Ciò che è certo è che ci stiamo avvicinando sempre più pericolosamente a un riscaldamento di 1,5 °C rispetto all'epoca preindustriale, che secondo un nuovo studio pubblicato su Nature Climate Change raggiungeremo già nel 2029. Si tratta della soglia critica più virtuosa fissata nell'Accordo di Parigi sul Clima del 2015, oltre la quale si entrerà in uno scenario imprevedibile, con le conseguenze più devastanti e irreversibili della crisi climatica. “L’atmosfera più calda e umida della Terra e gli oceani più caldi – spiega la The Royal Society – rendono probabile che gli uragani più forti saranno più intensi, produrranno più precipitazioni, colpiranno nuove aree e forse saranno più grandi e più duraturi. Ciò è supportato dalle prove osservative disponibili nel Nord Atlantico. “Inoltre – proseguono gli esperti – l’innalzamento del livello del mare aumenta la quantità di acqua di mare che viene spinta a riva durante le tempeste costiere, il che, assieme alle maggiori precipitazioni prodotte dalle tempeste, può provocare mareggiate e inondazioni più distruttive”.

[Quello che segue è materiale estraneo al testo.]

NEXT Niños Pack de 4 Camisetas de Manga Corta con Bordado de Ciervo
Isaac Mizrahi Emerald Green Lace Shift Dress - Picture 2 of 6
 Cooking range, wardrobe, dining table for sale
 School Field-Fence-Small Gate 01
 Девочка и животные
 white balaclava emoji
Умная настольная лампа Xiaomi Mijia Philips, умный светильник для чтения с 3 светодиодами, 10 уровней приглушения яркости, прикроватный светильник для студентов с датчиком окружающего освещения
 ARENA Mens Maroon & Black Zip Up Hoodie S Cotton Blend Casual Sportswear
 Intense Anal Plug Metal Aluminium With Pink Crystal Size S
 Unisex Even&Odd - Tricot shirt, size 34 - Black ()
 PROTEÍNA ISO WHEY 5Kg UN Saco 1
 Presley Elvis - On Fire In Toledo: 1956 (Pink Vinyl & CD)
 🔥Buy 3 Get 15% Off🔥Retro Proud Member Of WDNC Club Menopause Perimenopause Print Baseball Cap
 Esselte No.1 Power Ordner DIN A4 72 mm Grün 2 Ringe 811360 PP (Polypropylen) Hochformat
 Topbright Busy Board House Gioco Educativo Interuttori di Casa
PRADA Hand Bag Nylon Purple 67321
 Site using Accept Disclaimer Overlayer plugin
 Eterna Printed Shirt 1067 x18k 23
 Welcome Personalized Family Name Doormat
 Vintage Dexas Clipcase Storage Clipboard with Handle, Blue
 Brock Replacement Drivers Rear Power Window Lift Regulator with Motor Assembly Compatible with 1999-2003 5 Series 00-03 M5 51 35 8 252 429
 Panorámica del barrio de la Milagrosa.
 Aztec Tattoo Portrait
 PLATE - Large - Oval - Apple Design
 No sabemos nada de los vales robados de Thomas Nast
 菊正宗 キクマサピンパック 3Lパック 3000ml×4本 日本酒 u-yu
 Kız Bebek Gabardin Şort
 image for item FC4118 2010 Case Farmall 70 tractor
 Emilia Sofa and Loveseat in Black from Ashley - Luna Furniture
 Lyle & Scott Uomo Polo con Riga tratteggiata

Sebbene gli scienziati ritengano probabile che la crisi climatica abbia intensificato la violenza degli uragani, al momento non ci sono prove certe che il numero di cicloni tropicali sia aumentato annualmente. Come spiegato dall'Agenzia di Protezione Ambientale degli Stati Uniti (EPA), infatti, i dati raccolti a partire dalla fine del XIX secolo “suggeriscono che il numero effettivo di uragani all’anno non è aumentato”. Ma avere avere oceani sempre più caldi e una temperatura media globale più elevata non può che peggiorare la violenza di questi fenomeni e le tempeste extratropicali. La maggiore evaporazione dell'acqua marina superficiale, infatti, aumenta il vapore acqueo nell'atmosfera che a sua volta è coinvolto nella formazione delle nubi e delle tempeste, innescate dall'interazione tra i flussi di aria calda e fredda. Il riscaldamento globale indebolisce anche le correnti a getto, anch'esso un fattore scatenante di perturbazioni cicloniche. Non c'è dunque da stupirsi se in futuro vedremo con maggiore frequenza fenomeni devastanti come la tempesta Ciarán.